> WHAT THIS TASK INVOLVES
Below this sentence is a listing; return exactly its lines from the one with "7 Cheerleader/Dance Bows" to the one with "AP Photo/Thibault Camus", both kept, and nothing more.

> MATERIAL SHOWN
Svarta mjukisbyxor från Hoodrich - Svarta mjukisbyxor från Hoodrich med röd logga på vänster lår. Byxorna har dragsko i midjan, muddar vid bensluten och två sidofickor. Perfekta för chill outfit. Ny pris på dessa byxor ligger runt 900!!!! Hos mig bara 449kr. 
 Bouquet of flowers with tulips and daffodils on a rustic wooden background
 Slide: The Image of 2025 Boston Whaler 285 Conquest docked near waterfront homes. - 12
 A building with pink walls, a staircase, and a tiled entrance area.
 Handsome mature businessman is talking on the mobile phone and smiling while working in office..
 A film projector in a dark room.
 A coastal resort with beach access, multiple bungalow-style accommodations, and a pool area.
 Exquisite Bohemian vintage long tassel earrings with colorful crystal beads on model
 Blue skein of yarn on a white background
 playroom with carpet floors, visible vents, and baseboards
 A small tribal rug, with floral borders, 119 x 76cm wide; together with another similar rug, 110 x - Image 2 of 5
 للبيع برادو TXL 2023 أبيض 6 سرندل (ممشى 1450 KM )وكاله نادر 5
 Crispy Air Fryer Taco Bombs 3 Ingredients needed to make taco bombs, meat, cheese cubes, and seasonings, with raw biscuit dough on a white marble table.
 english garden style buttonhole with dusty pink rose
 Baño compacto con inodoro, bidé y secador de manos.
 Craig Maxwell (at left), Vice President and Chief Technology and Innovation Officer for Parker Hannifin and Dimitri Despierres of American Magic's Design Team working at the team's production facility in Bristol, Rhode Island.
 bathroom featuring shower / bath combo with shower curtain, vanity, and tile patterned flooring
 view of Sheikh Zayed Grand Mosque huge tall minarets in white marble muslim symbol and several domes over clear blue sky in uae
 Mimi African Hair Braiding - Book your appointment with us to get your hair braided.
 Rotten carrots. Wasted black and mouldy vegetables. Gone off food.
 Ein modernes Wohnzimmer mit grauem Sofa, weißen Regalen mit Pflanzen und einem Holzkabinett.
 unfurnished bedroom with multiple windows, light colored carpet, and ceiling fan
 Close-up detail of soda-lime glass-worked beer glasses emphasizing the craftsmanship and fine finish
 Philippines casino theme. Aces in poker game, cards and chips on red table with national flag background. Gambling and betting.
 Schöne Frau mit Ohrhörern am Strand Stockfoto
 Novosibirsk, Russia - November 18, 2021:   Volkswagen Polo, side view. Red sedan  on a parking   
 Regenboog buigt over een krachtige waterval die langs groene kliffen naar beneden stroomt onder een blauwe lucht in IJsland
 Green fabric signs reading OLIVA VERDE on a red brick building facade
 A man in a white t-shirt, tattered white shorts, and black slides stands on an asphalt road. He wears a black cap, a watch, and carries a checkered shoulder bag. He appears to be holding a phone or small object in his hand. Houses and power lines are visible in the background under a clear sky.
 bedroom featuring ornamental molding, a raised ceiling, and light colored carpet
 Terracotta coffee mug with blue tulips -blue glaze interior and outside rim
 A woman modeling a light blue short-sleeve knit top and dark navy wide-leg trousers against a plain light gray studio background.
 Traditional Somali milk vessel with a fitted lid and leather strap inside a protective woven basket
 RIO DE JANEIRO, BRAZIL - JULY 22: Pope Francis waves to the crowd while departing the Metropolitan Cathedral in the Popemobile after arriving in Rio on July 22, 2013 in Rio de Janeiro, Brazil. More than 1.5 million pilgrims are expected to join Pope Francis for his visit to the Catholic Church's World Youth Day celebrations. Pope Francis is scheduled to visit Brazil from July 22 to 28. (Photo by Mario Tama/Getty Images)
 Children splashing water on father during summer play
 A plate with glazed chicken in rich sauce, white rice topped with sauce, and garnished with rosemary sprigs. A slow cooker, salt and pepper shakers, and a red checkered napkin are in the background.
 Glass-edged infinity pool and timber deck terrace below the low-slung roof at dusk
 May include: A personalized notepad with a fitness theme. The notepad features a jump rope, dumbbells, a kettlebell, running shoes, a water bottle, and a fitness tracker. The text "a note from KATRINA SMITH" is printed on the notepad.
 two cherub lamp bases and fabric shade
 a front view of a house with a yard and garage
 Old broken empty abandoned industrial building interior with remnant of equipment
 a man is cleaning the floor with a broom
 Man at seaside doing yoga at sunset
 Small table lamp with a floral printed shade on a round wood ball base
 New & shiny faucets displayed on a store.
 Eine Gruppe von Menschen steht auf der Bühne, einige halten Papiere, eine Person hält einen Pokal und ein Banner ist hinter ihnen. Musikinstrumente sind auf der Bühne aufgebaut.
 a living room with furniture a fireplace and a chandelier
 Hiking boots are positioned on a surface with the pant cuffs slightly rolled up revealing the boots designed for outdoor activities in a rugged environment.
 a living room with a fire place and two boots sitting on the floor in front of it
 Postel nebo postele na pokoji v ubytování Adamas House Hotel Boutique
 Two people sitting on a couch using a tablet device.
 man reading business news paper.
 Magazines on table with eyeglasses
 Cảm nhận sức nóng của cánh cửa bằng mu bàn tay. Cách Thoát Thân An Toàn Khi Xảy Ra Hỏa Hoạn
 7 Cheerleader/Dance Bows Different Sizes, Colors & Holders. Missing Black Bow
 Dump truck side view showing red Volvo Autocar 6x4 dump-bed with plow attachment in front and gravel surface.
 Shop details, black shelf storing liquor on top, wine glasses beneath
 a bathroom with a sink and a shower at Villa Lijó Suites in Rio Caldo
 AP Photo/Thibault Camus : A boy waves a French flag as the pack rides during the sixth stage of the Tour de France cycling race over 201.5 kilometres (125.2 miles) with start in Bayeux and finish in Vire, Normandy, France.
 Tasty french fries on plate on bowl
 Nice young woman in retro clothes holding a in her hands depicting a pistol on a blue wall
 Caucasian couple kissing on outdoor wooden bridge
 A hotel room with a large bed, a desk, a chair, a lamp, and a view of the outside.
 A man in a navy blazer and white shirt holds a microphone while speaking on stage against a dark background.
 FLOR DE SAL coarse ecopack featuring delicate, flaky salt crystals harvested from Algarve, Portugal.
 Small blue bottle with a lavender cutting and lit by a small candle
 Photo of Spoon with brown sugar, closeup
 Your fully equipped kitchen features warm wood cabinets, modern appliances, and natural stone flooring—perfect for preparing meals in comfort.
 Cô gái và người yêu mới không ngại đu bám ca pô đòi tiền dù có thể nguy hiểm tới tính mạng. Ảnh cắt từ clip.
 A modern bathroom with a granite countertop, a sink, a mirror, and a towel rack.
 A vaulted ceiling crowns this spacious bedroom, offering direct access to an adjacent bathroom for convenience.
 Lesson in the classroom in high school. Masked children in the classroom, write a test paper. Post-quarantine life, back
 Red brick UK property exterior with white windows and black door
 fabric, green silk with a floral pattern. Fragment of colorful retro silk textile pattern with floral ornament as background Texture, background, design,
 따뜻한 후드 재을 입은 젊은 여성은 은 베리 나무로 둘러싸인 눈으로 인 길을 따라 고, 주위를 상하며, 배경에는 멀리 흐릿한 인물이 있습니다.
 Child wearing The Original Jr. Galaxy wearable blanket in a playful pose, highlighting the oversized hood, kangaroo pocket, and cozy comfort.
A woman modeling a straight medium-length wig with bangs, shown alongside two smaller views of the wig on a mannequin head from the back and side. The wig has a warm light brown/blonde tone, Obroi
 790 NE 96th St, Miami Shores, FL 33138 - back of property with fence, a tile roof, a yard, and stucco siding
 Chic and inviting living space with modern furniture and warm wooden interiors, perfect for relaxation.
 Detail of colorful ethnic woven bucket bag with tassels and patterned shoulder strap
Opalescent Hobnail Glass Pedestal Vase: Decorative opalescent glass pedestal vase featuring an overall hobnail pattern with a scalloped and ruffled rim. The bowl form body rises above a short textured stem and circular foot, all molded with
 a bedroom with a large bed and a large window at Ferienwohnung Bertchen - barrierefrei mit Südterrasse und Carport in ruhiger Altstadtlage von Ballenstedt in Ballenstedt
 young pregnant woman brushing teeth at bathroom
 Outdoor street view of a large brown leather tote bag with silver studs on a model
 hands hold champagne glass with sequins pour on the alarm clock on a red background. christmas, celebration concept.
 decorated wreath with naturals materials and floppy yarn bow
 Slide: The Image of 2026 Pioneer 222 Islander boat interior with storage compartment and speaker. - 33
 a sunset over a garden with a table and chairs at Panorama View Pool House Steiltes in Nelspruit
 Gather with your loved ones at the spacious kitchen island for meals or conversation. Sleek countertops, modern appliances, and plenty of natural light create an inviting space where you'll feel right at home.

> RESPONSE BELOW
 7 Cheerleader/Dance Bows Different Sizes, Colors & Holders. Missing Black Bow
 Dump truck side view showing red Volvo Autocar 6x4 dump-bed with plow attachment in front and gravel surface.
 Shop details, black shelf storing liquor on top, wine glasses beneath
 a bathroom with a sink and a shower at Villa Lijó Suites in Rio Caldo
 AP Photo/Thibault Camus : A boy waves a French flag as the pack rides during the sixth stage of the Tour de France cycling race over 201.5 kilometres (125.2 miles) with start in Bayeux and finish in Vire, Normandy, France.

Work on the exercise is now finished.